◆ **PROBLEM TO SOLVE**: Start at the line in the entries below that contains "Surly Midnight Special", stop at the line that contains "summer cocktail with cream and raspberries", and output exactly the lines in that span, both ends included.

----------------

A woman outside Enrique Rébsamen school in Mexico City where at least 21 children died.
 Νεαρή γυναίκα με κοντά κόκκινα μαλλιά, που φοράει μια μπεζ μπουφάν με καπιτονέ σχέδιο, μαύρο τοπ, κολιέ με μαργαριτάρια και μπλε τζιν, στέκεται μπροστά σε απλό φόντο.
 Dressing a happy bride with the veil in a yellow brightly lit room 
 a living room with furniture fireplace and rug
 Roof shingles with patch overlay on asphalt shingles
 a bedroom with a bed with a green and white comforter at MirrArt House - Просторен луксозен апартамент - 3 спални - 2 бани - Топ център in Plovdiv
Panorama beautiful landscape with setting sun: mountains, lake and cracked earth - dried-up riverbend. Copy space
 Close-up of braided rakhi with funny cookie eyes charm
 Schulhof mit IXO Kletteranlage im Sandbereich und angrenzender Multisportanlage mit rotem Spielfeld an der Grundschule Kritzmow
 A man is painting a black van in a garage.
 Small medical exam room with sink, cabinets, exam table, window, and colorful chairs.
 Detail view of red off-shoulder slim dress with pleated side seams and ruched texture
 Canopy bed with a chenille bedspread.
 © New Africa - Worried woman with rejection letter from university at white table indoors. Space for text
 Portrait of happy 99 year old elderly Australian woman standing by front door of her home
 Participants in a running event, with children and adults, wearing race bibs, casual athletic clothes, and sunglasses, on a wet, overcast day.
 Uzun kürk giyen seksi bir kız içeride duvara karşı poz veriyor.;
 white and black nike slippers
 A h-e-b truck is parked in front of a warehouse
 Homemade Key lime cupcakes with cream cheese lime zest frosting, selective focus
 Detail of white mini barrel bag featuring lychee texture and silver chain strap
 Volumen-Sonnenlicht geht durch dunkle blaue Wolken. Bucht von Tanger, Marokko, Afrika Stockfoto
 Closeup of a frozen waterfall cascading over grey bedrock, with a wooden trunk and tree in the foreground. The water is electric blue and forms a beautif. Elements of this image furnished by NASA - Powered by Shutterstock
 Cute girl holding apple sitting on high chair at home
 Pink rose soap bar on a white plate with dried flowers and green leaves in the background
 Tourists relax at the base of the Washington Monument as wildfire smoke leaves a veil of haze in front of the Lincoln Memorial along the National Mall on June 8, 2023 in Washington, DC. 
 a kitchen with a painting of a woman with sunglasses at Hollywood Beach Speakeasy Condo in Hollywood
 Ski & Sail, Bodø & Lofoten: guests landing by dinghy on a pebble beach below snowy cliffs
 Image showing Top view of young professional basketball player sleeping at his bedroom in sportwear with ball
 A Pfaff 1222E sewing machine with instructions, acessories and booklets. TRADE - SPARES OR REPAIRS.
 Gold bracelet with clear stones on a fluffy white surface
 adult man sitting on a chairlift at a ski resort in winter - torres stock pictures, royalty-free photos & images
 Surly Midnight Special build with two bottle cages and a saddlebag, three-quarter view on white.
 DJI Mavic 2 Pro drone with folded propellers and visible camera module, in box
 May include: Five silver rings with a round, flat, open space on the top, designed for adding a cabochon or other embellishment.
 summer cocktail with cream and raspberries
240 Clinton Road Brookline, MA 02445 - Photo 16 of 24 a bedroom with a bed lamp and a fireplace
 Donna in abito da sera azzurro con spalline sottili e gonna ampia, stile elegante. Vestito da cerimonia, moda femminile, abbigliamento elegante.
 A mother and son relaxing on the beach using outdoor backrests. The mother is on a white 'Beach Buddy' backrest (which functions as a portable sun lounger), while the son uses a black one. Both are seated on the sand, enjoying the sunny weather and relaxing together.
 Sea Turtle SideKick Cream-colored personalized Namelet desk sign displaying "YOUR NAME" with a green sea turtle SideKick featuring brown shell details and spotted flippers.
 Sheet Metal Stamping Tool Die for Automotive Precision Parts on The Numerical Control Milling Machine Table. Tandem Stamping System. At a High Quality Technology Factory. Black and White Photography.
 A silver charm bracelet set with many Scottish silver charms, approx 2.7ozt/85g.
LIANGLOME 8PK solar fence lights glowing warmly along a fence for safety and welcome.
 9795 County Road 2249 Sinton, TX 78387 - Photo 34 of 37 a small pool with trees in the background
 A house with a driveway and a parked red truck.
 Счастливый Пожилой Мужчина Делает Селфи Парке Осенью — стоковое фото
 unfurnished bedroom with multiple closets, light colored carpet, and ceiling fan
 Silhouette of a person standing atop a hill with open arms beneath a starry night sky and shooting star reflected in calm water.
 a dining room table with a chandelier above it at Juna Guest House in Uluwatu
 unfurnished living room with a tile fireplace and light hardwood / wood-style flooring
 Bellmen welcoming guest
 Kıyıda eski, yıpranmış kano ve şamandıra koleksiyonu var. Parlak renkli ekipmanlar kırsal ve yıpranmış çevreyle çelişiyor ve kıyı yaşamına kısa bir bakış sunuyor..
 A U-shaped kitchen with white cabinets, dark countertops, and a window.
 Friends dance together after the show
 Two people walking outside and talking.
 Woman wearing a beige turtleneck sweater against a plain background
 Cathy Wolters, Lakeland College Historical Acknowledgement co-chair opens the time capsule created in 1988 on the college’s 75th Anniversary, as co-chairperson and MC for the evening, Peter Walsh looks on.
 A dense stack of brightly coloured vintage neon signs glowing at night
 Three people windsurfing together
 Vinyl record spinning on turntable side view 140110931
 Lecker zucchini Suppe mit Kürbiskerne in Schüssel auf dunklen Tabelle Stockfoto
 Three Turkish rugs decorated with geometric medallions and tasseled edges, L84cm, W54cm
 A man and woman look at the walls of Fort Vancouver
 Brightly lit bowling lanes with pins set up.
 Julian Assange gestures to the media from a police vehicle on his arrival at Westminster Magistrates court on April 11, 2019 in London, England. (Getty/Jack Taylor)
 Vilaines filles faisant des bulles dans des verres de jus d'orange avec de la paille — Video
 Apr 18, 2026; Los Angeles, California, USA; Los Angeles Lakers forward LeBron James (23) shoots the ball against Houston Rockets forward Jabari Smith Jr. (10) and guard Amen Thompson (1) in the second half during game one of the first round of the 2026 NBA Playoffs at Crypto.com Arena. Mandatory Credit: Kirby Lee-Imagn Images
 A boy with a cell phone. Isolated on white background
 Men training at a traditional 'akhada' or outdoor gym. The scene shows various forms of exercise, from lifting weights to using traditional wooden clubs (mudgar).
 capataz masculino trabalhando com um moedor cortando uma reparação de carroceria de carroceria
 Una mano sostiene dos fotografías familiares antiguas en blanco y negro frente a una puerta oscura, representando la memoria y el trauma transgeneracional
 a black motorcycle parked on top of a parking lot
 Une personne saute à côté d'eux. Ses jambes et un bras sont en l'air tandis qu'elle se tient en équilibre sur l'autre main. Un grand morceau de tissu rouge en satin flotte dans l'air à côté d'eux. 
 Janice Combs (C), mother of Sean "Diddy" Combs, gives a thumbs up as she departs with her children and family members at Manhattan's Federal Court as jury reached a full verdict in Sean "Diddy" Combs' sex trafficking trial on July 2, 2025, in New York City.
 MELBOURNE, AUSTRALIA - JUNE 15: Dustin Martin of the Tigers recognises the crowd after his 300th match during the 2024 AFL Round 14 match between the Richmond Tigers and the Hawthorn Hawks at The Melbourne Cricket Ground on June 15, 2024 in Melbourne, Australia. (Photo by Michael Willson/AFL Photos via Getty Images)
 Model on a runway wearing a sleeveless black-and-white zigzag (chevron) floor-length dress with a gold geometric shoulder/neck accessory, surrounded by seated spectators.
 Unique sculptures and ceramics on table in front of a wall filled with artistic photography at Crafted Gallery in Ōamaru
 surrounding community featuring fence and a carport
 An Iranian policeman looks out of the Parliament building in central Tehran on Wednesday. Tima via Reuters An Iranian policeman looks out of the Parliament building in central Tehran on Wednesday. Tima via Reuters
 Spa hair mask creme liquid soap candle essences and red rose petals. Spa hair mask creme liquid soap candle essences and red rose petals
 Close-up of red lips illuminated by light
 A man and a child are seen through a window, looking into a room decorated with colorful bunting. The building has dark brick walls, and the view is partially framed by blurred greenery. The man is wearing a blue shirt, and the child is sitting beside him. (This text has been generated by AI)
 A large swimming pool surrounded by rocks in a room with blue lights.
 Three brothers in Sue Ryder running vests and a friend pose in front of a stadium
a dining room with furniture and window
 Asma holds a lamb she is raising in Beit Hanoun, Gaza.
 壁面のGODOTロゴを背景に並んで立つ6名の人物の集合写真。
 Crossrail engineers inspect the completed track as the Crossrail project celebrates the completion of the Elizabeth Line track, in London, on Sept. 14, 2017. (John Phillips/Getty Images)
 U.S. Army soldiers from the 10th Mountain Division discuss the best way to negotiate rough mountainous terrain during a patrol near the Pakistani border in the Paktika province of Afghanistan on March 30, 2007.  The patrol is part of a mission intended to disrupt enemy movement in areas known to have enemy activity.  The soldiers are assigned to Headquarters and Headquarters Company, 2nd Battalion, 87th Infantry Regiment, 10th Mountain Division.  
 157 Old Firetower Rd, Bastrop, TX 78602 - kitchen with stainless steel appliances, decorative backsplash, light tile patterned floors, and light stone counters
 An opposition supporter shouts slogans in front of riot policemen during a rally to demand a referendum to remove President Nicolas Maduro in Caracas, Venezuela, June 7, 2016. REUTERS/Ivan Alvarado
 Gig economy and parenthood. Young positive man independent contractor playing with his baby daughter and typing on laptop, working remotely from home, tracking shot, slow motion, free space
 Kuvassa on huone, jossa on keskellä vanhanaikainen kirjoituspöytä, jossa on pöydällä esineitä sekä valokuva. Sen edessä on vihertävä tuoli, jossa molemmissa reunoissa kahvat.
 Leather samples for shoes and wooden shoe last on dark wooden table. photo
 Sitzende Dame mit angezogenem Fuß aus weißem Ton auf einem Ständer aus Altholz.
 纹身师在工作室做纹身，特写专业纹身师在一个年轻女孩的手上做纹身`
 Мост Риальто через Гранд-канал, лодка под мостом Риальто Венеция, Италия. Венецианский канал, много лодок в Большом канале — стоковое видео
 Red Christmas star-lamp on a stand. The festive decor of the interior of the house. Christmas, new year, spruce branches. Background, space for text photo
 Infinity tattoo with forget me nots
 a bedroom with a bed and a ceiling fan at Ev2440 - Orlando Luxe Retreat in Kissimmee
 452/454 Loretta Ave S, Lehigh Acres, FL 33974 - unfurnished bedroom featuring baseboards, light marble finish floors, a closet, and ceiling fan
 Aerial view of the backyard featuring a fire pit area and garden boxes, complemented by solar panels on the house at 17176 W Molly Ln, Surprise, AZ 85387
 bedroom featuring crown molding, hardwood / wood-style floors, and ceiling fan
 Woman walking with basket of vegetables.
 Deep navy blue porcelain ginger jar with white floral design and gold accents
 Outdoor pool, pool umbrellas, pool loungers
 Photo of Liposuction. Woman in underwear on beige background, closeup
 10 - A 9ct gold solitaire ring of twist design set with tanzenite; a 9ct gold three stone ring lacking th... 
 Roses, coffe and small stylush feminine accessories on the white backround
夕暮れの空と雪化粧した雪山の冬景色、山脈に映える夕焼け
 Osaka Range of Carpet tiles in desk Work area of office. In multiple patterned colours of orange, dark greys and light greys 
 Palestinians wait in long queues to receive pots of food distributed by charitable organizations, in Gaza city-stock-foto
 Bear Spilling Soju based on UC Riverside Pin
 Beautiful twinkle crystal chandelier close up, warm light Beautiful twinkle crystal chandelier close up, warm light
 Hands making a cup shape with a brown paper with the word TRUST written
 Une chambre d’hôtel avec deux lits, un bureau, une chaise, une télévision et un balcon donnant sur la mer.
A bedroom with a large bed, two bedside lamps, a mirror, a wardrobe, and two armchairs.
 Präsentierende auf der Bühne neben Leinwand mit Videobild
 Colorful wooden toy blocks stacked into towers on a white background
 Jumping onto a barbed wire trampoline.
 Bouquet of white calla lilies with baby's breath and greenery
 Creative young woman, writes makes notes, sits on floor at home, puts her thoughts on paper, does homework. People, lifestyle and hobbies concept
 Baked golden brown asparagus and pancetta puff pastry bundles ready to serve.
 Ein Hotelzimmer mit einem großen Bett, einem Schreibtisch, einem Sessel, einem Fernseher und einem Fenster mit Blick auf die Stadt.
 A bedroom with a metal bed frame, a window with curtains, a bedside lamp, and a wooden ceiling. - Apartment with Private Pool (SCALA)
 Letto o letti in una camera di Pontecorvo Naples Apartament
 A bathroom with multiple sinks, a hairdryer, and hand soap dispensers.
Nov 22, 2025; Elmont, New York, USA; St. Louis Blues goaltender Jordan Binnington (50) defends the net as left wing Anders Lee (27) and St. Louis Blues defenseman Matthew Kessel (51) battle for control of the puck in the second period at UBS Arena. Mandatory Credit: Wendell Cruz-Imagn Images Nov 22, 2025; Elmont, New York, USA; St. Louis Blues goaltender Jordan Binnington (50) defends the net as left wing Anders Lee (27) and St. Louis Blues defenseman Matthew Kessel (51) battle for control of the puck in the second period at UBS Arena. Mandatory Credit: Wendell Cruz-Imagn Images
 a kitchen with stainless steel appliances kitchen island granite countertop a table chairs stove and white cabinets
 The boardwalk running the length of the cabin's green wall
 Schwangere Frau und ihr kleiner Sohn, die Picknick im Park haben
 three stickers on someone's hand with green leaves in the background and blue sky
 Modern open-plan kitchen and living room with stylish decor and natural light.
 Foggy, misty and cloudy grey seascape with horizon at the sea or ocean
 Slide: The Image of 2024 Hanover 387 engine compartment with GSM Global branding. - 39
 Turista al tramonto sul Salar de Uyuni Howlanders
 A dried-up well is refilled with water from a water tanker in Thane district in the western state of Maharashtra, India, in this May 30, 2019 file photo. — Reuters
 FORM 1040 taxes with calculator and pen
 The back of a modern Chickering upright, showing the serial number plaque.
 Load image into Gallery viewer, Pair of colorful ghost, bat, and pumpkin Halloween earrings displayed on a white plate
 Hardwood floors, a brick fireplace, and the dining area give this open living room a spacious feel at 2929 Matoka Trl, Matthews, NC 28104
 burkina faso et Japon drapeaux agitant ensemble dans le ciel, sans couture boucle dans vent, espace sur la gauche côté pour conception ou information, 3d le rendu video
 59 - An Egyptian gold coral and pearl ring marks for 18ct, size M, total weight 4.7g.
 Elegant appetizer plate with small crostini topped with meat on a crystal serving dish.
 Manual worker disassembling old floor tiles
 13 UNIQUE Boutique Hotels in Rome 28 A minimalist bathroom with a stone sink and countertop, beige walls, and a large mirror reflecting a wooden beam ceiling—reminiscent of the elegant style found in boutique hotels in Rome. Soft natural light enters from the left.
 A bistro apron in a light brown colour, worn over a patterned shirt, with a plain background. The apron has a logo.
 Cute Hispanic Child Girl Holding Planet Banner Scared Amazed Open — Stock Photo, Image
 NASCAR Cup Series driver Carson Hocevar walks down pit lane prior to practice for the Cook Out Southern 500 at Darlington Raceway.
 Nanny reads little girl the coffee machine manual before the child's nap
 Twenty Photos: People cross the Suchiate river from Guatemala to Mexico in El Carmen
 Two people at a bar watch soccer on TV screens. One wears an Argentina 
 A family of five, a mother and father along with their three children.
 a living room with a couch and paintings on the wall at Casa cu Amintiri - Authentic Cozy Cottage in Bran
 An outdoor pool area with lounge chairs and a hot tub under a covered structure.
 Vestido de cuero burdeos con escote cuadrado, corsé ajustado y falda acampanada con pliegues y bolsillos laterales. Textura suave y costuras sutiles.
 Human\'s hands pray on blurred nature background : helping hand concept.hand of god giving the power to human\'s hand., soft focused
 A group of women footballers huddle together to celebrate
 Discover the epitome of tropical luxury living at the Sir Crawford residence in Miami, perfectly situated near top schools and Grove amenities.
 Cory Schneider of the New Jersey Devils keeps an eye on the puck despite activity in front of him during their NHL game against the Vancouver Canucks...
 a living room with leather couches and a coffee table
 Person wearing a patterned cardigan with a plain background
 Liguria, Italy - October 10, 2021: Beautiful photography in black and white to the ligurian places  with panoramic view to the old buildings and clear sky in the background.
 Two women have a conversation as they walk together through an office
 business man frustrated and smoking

----------------

◆ **YOUR RESPONSE**:
 Surly Midnight Special build with two bottle cages and a saddlebag, three-quarter view on white.
 DJI Mavic 2 Pro drone with folded propellers and visible camera module, in box
 May include: Five silver rings with a round, flat, open space on the top, designed for adding a cabochon or other embellishment.
 summer cocktail with cream and raspberries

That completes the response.